I really believe that some of what I’ve learned, at least, is different than the usual university lessons and to-dos. Don’t get me wrong here: I think the clichés like drink water and eat healthily and sleep enough and do your readings are important. But I’ve also learned some more significant lessons that I wasn’t expecting to, and I hope at least one of them will surprise you too.

Finally, before I start, I want to say that these lessons may have been learned in university, and I may be writing this post to pass them on to other university students. However, I will carry their teachings for the rest of my life, and so they may be valuable for other readers as well – regardless of what stage you’re in.

Here goes…

1. You need a passion (or two, or three) to get through your undergrad.

Or at least, you need a passion to get through university and not hate your life. This could be anything from the usual painting or drawing, to joining clubs with mandates of fulfilling goals that you care about. A passion doesn’t have to be a ‘hobby’ or a ‘job’ per se. It’s just anything that (warning: cliché) sets your soul on fire. A university passion should be something that keeps you going when school is dreary, you lack motivation, and life just doesn’t seem so great. It should get you excited and make you want to get out of bed in the morning. Also, if you meet other people that share your passion, there’s a good chance you’ll also gain lifelong friends.
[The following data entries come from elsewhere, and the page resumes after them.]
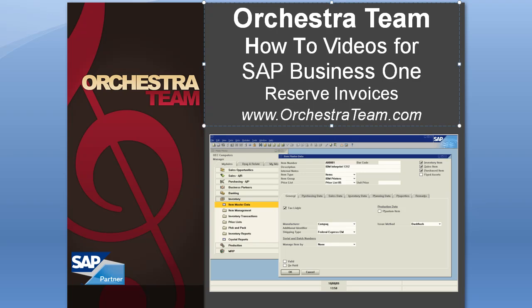Hello and thank you for choosing Orchestra's how-to series. Today we're going to be looking at SAP Business One 2007 and how to do reserve invoices.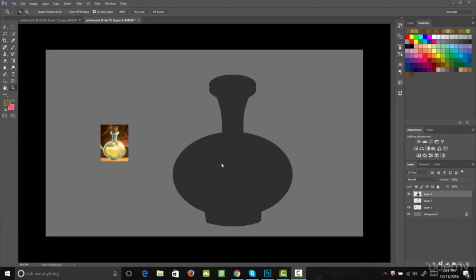Alright, let's go ahead and add in the reflection on our bottle. In our reference from Rayman, you see there's this nice white reflection that goes almost all the way around the bottle. This is what we're going to create right now. First off,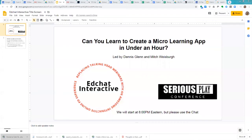Good evening. My name is Mitch Weisberg. I'm here from EdChat Interactive. Tonight we're going to have Dennis Glynn, who's going to be bringing us through creating a micro-learning app in under an hour, and he's also going to be covering what you have to do to prepare so that your micro-learning app really hits the mark.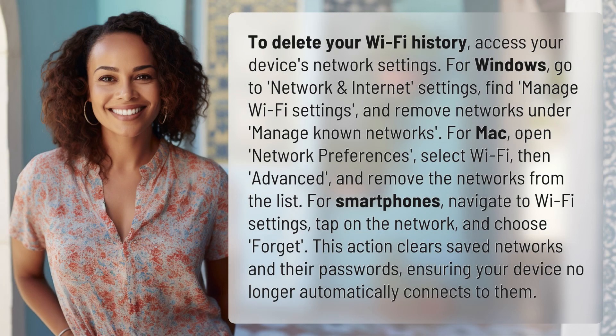To delete your Wi-Fi history, access your device's network settings. For Windows, go to Network and Internet Settings, find Manage Wi-Fi Settings, and remove networks under Manage Known Networks.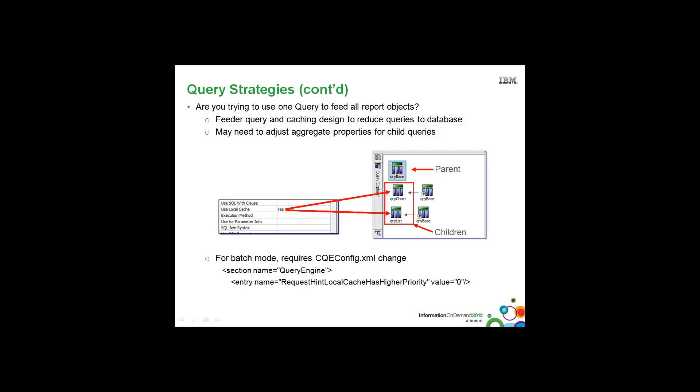Let's continue with query strategies. Often we see users using one query to feed all report objects in their report, hoping to send down one query to the database and then use that data set to populate all of the report objects.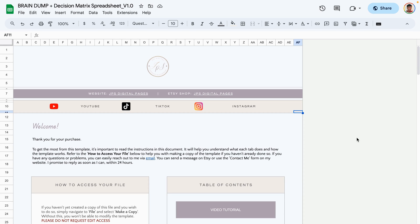Hello everyone, this is the product demo for the Brain Dump Decision Matrix spreadsheet template. This demo is for anyone that has purchased this template. If you're interested in purchasing it, I will leave links in the description box so you can go ahead and grab your copy.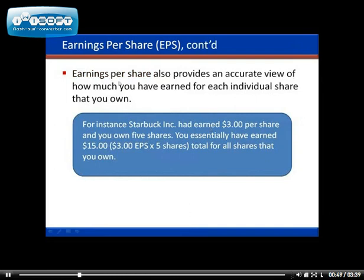Earnings per share also provides an accurate view of how much you've earned for each individual share that you own. For example, if you own five shares of Starbucks and Starbucks earns three dollars per share, you have essentially earned fifteen dollars, because the company made three dollars per share and you owned five shares.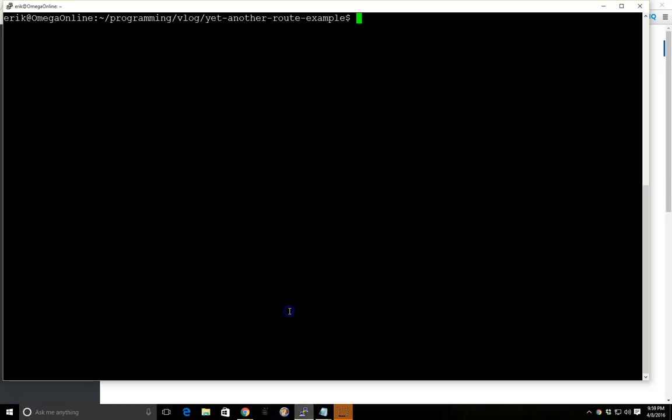I'm going to open up my example here. I already created the project for us, so we're going to install everything we need. First, before we start, we're going to use Ember CLI Mirage. On my last route video I explained it a little bit. It's just a way to mock up some data. So I'm just going to go through this quickly here.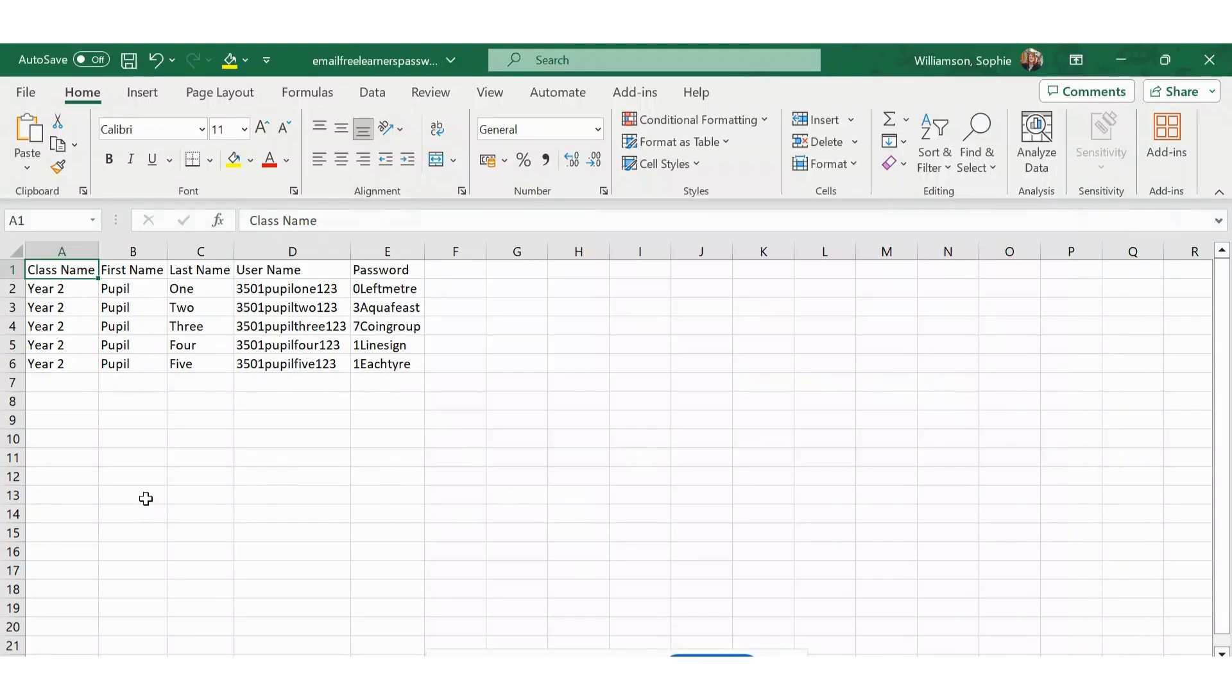This video will show you how to generate username and password labels to hand out to children in your class. You need to start with the Excel document that you have downloaded from the hub. If you're unsure how to do this, please see the video about generating user details before completing these actions.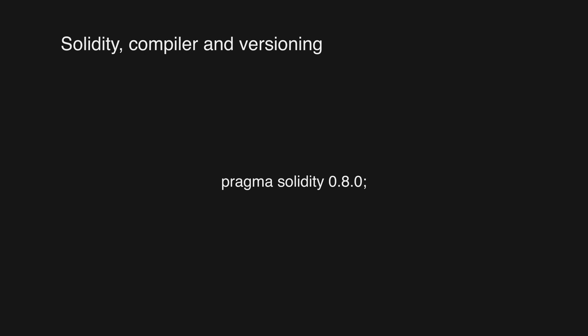Solidity is in rapid development, that's why it's important to use the correct compiler for the code that we are writing. It is recommended to always use the latest version of Solidity to take advantage of new features, bug fixes, and to avoid any breaking changes.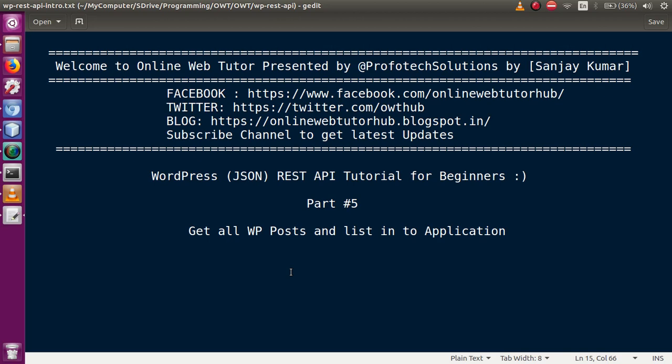Hello guys, welcome to Online Web Tutor presented by Prophetic Solutions Team. I am Sanjay. We are learning WordPress JSON REST API tutorial for beginners, and this is part 5 of this video session series, in which we will see how we can list all created posts into our application. If you are a beginner to this channel, please don't forget to subscribe.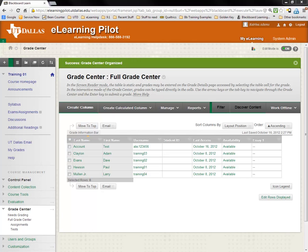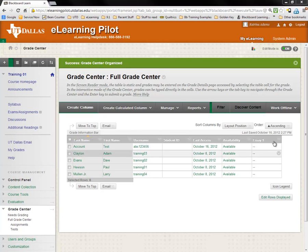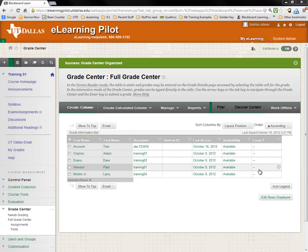Now we are looking at the full grade center view in eLearning. On the right side of the screen, I see the column in which I'd like to enter grades.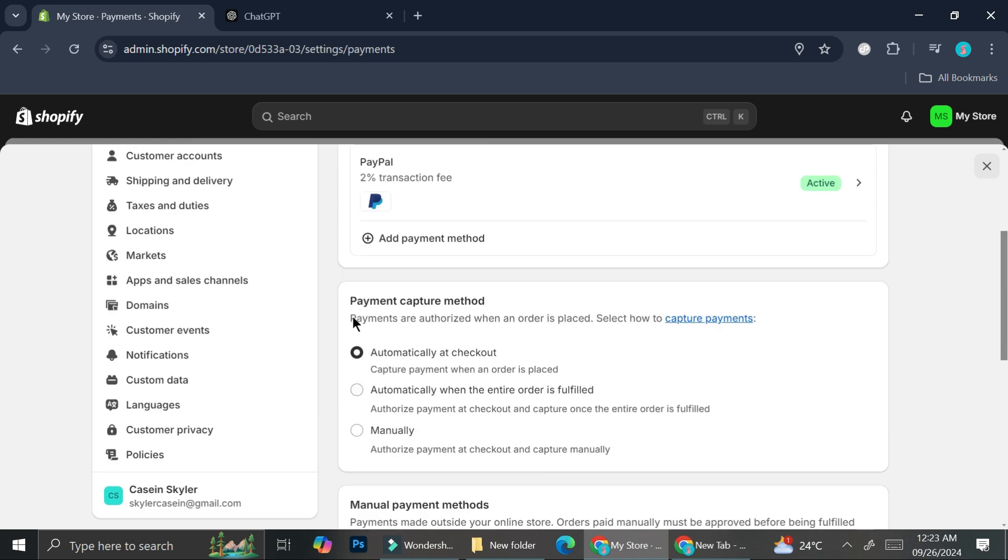Here, before we go to the manual payment method settings, I want to show you this payment capture method. So basically, after each transaction, Shopify has the ability to capture the transaction for your own good. So let's say you need the proof for that transaction, you will get it because Shopify will be able to capture it if you allow them to. So there are three types of payment capture method.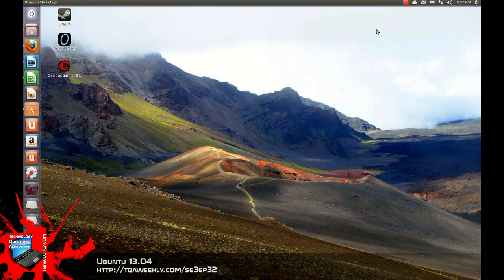Of course, today's topic is about Ubuntu 13.04, codenamed Roaring Ringtail. And this is going to be a visual preview, not me talking about it, me showing you about it. So for the show notes before I get into it, you're going to have to go to TQAweekly.com slash SE3EP32. And now, watch the preview.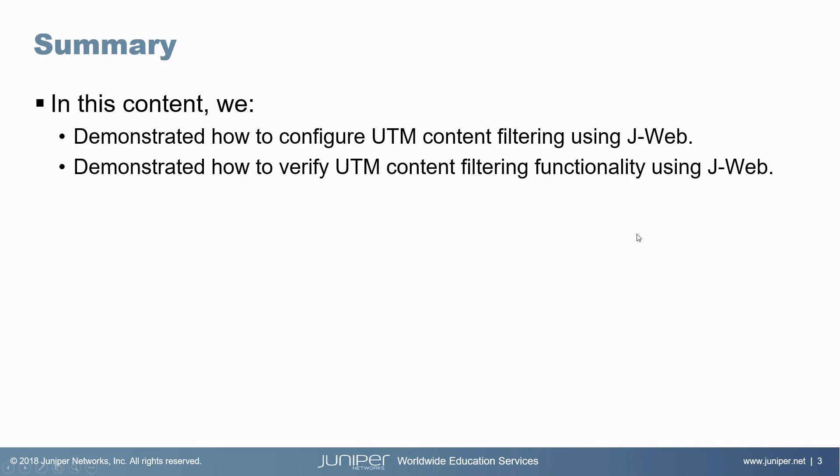That brings us to the end of this learning byte. In this learning byte, we discussed how to configure UTM content filtering using J-Web. And we also demonstrated how to verify UTM content filtering functionality using J-Web.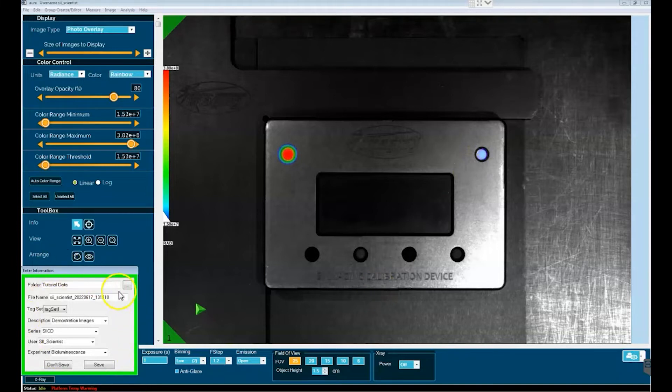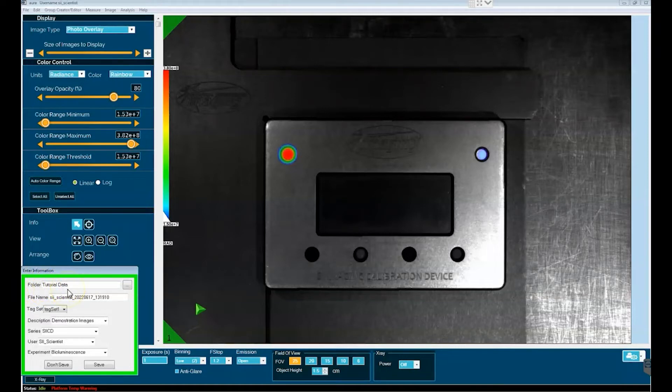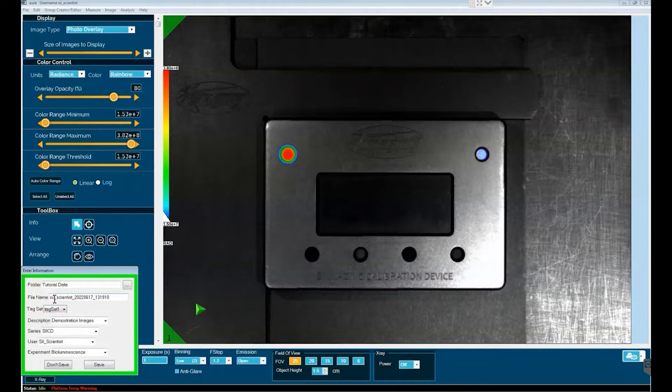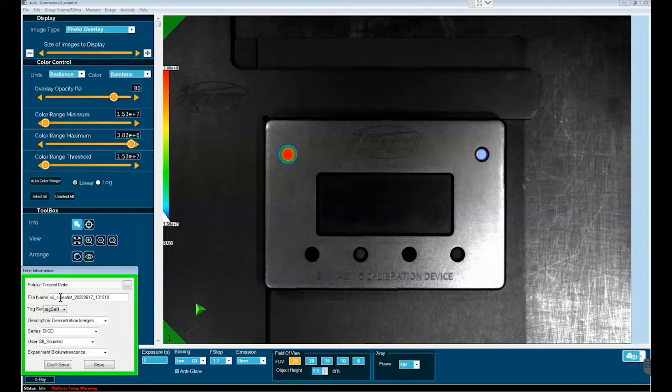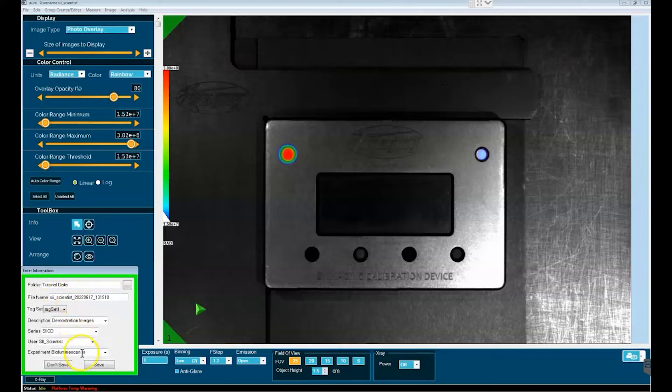This green rimmed window is basically a summation of the metadata associated with the image that we've just taken. At the top you have the folder window which is going to give you the opportunity to save the image in a particular location, and I've already designated this. Below that you have the file name of the image, and this is something you definitely do not want to change because it will be used by the image manager system of Aura to organize the files.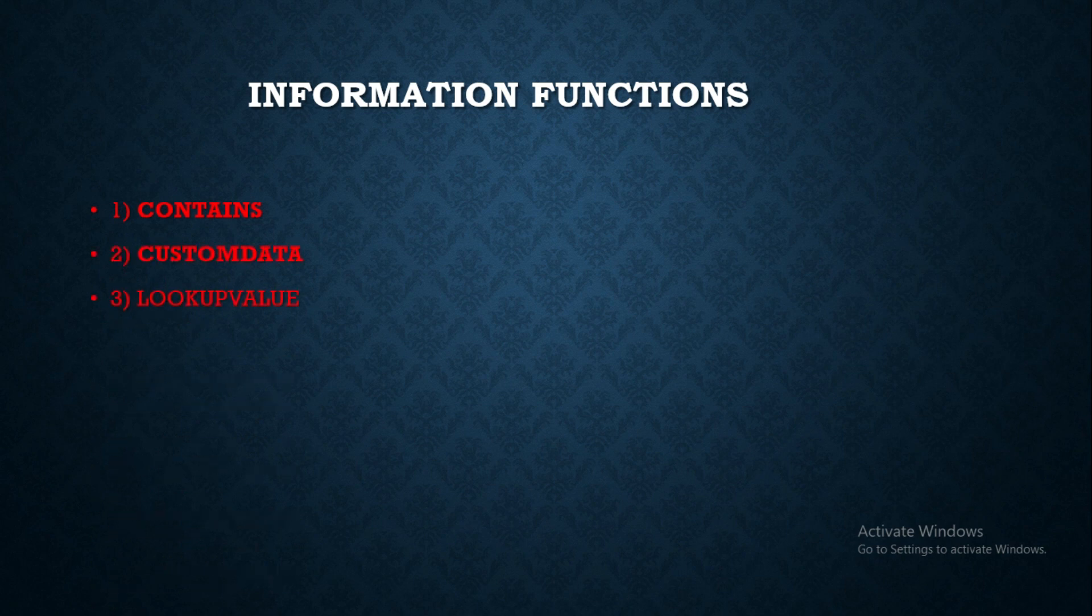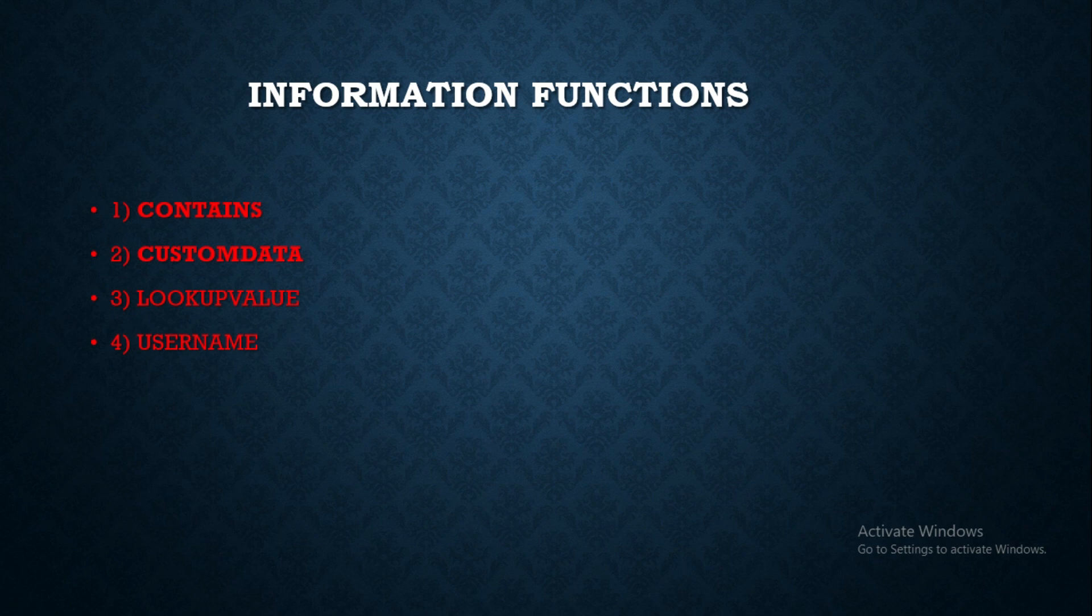We discussed LOOKUPVALUE, and today we are going to deal with the number 4 DAX function in information functions, which is USERNAME. How to use it and what are the uses we are going to see in this video.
For me, this passion was channelled into specific clubs that I joined throughout my undergrad. I loved the people I was working with, the events we planned, and giving back to my campus through those avenues. I can honestly say that without these extracurriculars, my university experience would be wildly different (read: really boring and purely academic). Also, you may start with a few less intense passions in first year as you explore new opportunities. Usually, by fourth year, these become a select few, and the fire for one or two burns brighter than you could’ve imagined.

Two more quick things: first, clubbing, drinking, and drugs do not count as a passion. Second, if your passion can make you money, that’s even better!

2. Advocate for yourself. Aggressively.

Advocating for yourself can be a scary thing, I know. But as you move through your university career, you will get better at it. And you will find people that want to help you stay well, do well, and accomplish your goals. But they do not know what you need to be successful unless you tell them.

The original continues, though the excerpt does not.